236.01 A company planning to conduct an initial public offering proposes to include in its prospectus a representation that its captive broker-dealer would maintain a list of persons who wished to buy or sell the company’s securities. Although Section 4(4) would exempt the execution of such orders, the solicitation of customer orders is specifically excepted from Section 4(4). Since maintaining such a list would be a form of solicitation, registration would be required to prevent offers from violating Section 5. [Nov. 26, 2008]

Sections 237 to 238. Securities Act Sections 4(5) to 4(6) [Reserved]

Section 239. Securities Act Section 5

239.01 A corporation may register shares for issuance pursuant to an employee plan (along with other securities to be offered by the issuer) even though the plan has not yet been approved by shareholders and will not become operative unless it is approved, provided that the prospectus makes the situation clear. A prospectus supplement should be filed when the shareholder approval is obtained. [Nov. 26, 2008]

239.02 A letter to be sent to holders of limited partnership units in various oil and gas programs, for the purpose of determining their interest in converting the smaller programs into one new large program, may involve the offer of a security of the new program within the meaning of Sections 2(a)(3) and 5. Any such communication, if it is an offer, would either have to be registered under the Securities Act or exempt from Securities Act registration. For registered offerings, Rule 135 would permit a simple notice describing the purpose and terms of such an offering, but would not allow the solicitation of indications of interest. [Nov. 26, 2008]

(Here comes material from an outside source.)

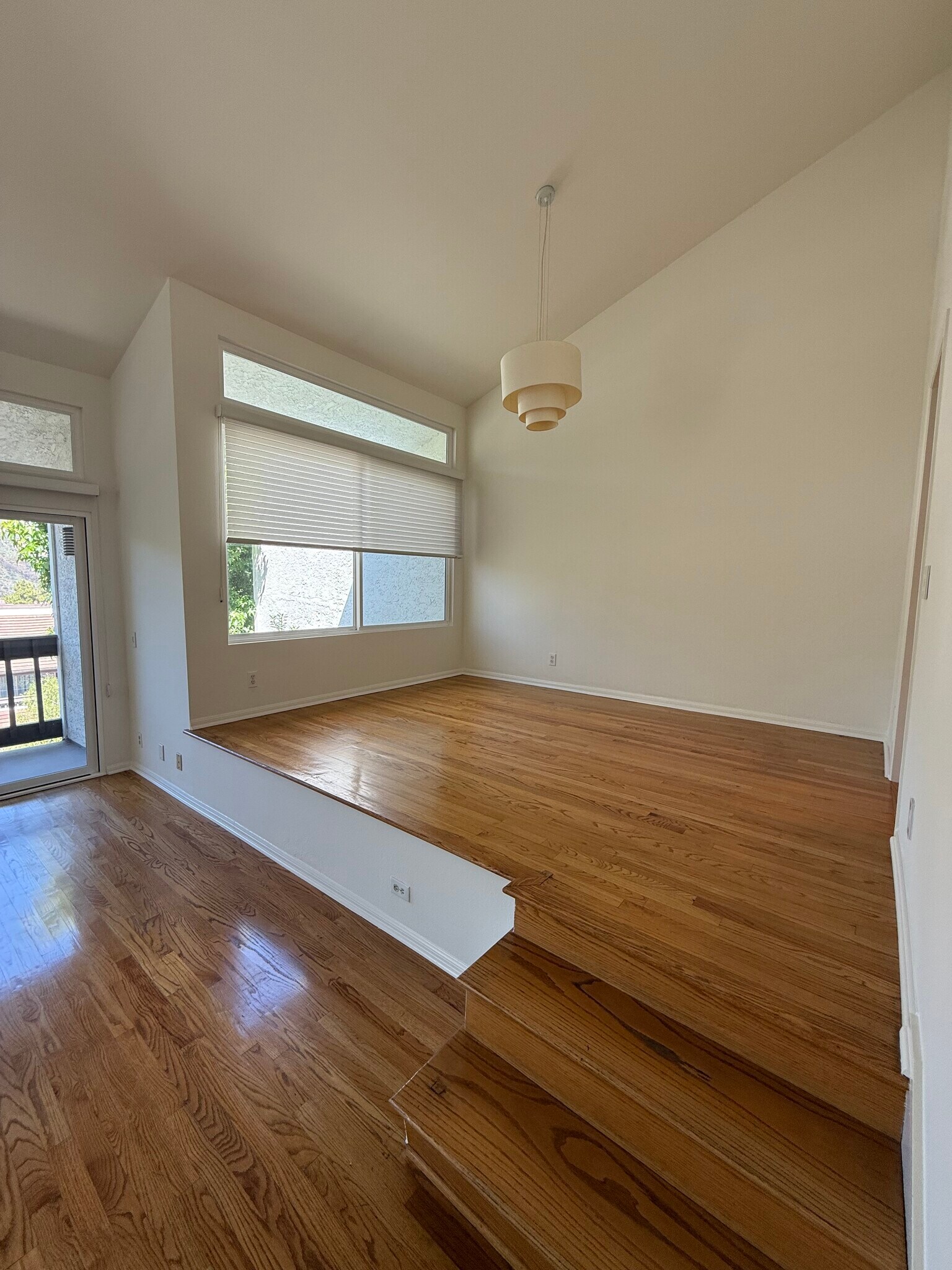 Building Photo - 1700 Palisades Dr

239.03 A typical non-qualified deferred compensation plan permits an employee to defer compensation over a set dollar amount. The employee will then either receive a fixed rate of return on the deferred monies or the employer may permit the employee to index the return on those monies off of a number of investment return alternatives. The debt owing to plan participants is analogous to investment notes, which typically are viewed as debt securities. The Division has not stated affirmatively, however, that all interest-only deferred compensation plans involve securities. Instead, the Division leaves that question for counsel’s analysis of the facts and circumstances. To the extent that interests in a non-qualified deferred compensation plan are securities, registration would be required unless the offerings under the plan would qualify for an exemption, e.g., Section 4(2). Form S-8 would be available when an employer registers the offer and sale of interests in the deferred compensation plan under the Securities Act. The filing fee should be based on the amount of compensation being deferred, not on the ultimate investment return. As the “deferred compensation obligations” to be registered are obligations of the issuer/employer, not interests in the plan, the registration of the “deferred compensation obligations” would not result in a requirement that a deferred compensation plan file a Form 11-K with respect to those securities. Further, based on the unique terms of the “deferred compensation obligations” (both with respect to interest and maturity), compliance with the Trust Indenture Act of 1939 has not been required. [Nov. 26, 2008]

239.04 Statutory mergers by means of security holders’ vote are defined by Rule 145(a)(2), for purposes of Section 2(a)(3), as events of sale. The rule excludes from this definition mergers for the sole purpose of changing the issuer's state of incorporation. The exclusion itself is limited to migratory transactions occurring exclusively within the United States, from one state to another. Despite the rule’s express domestic limitation, the Division believes that similar transactions changing a foreign issuer’s domicile from one political subdivision of a country to another (such as reincorporation from one Canadian province to another) likewise should not be treated as a sale. However, if a non-U.S. corporation undertakes a merger to incorporate within the United States, the migratory transaction is an event of sale that must be registered with the Commission or exempt from registration. [Nov. 26, 2008]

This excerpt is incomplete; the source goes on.